Since it would not be entirely relevant to build recommendations for an entire dataset of 777 books based on a community breakdown, I decided to choose one subgroup - a specific category of books.
Let’s examine the available data on “what other ‘shelf’, category this book is often assigned to” (popular_shelves.3.name), which is where the “marvel” category is found.
books_net_info_check2 = books_net_info_copy %>% group_by(popular_shelves.3.name) %>% summarize(number_of_books_per_category=n()) %>% arrange(desc(number_of_books_per_category)) %>% rename("Category" = popular_shelves.3.name,"N_books" =number_of_books_per_category)
books_net_info_check2
## # A tibble: 41 × 2
## Category N_books
## <chr> <int>
## 1 graphic-novel 232
## 2 fantasy 96
## 3 marvel 52
## 4 horror 46
## 5 graphic-novels 43
## 6 currently-reading 42
## 7 comics 39
## 8 batman 34
## 9 cómics 30
## 10 favorites 28
## # ℹ 31 more rows
There are 52 books in the “marvel” category - a sufficient number to analyze.
# initial graph
comics_marvel = comics_net
# Filtering data in the dataset by "marvel" category
books_net_info_2 = books_net_info_copy %>% filter(popular_shelves.3.name=="marvel")
# Remove unnecessary vertices from the graph
V(comics_marvel)$category = books_net_info_copy$popular_shelves.3.name
comics_marvel1 =delete.vertices(comics_marvel, V(comics_marvel)$category != "marvel")
# Add ID
V(comics_marvel1)$book_id = books_net_info_2$book_id
In order to reliably answer the recommendation question, we need to use the betweenness centrality measure.
The betweenness centrality measure denotes how many shortest paths pass through a point. In this case, where the links between nodes are “similarity of book scores”, the highest value of betweenness will indicate the most average score between two unrelated or poorly related groups of books, and the lowest values will have the most extraordinary scores. Let’s say if we have a group of books with scores between 3 and 3.2, and we also have another group with scores between 3.6 and 3.8, the book with a score of 3.4 will have the highest betweenness among these nodes (if it has a connection to both groups). The larger the groups and the smaller (up to 1) such bridge nodes are, the more betweenness a node acting as a bridge has.
Thus, nodes with a large value of betweenness will signal that this comic can be recommended to more than one group, and nodes with a small value - on the contrary, that this comic can be recommended to no more than one group.
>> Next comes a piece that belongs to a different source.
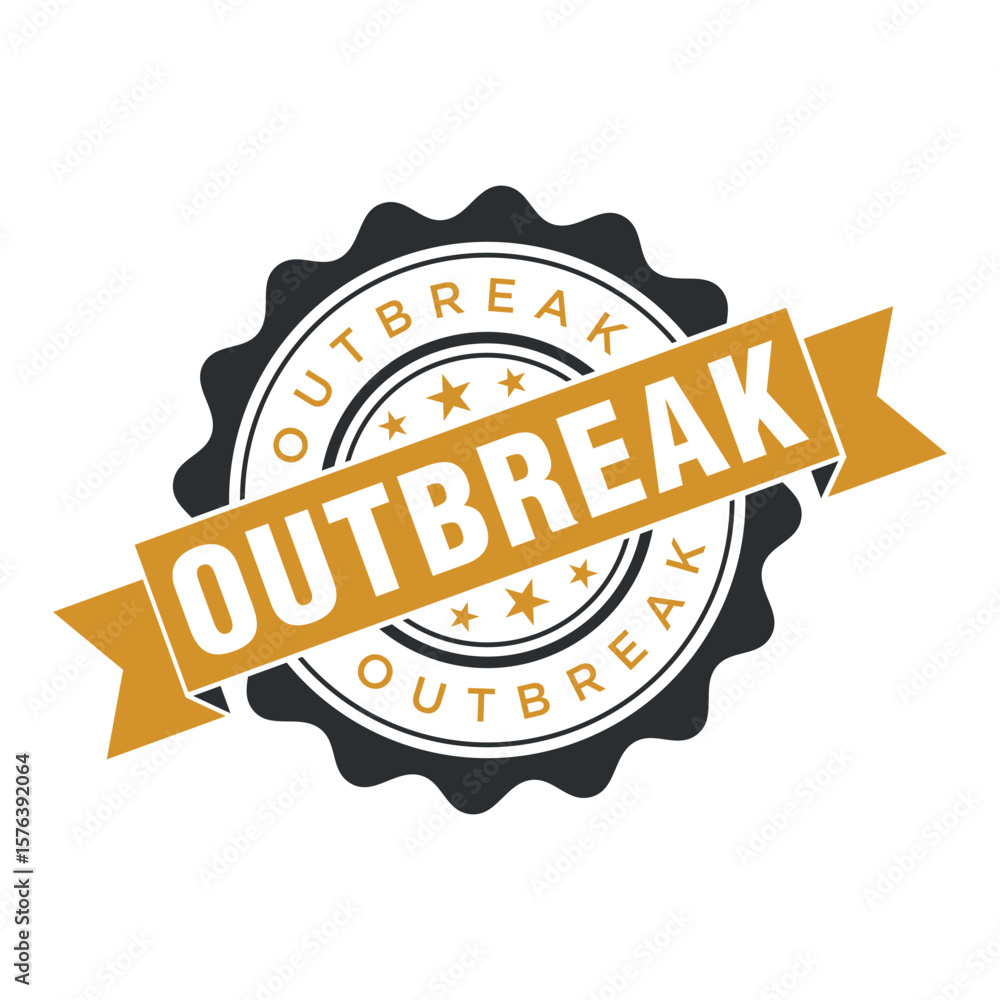 Fototapeta premium Outbreak Letter Rubber Stamp Vector Design Template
marvel_betw = books_net_info_2 %>%
transmute(book_id,
betw = betweenness(comics_marvel1)) %>%
arrange(desc(betw)) %>% rename("Book ID" = book_id, "Betwenness"=betw)
head(marvel_betw)
## Book ID Betwenness
## 1: 4645370 119.0
## 2: 23017961 89.0
## 3: 25066770 87.0
## 4: 17899546 60.0
## 5: 59962 48.5
## 6: 31981 18.0
plot(comics_marvel1,
vertex.size=0.2*betweenness(comics_marvel1),
vertex.label = V(comics_marvel1)$book_id,
vertex.label.cex = 0.8)
Only 9 comics out of 52 have a betweenness value not equal to zero. This means that the graph is extremely heterogeneous.
Also, we can use the closeness centrality measure. The closeness centrality measure indicates which nodes are closest to other nodes. In other words, the number of steps it takes to get from one node to another will play the biggest role here. Closeness in this case will depend on which estimates were the most common. The most common estimates in the entire network have the highest closeness - since the more points that are the fastest to get to from a given point - the greater the closeness. The fewest estimates have the smallest closeness - from them the path to the largest number of estimates will be the largest.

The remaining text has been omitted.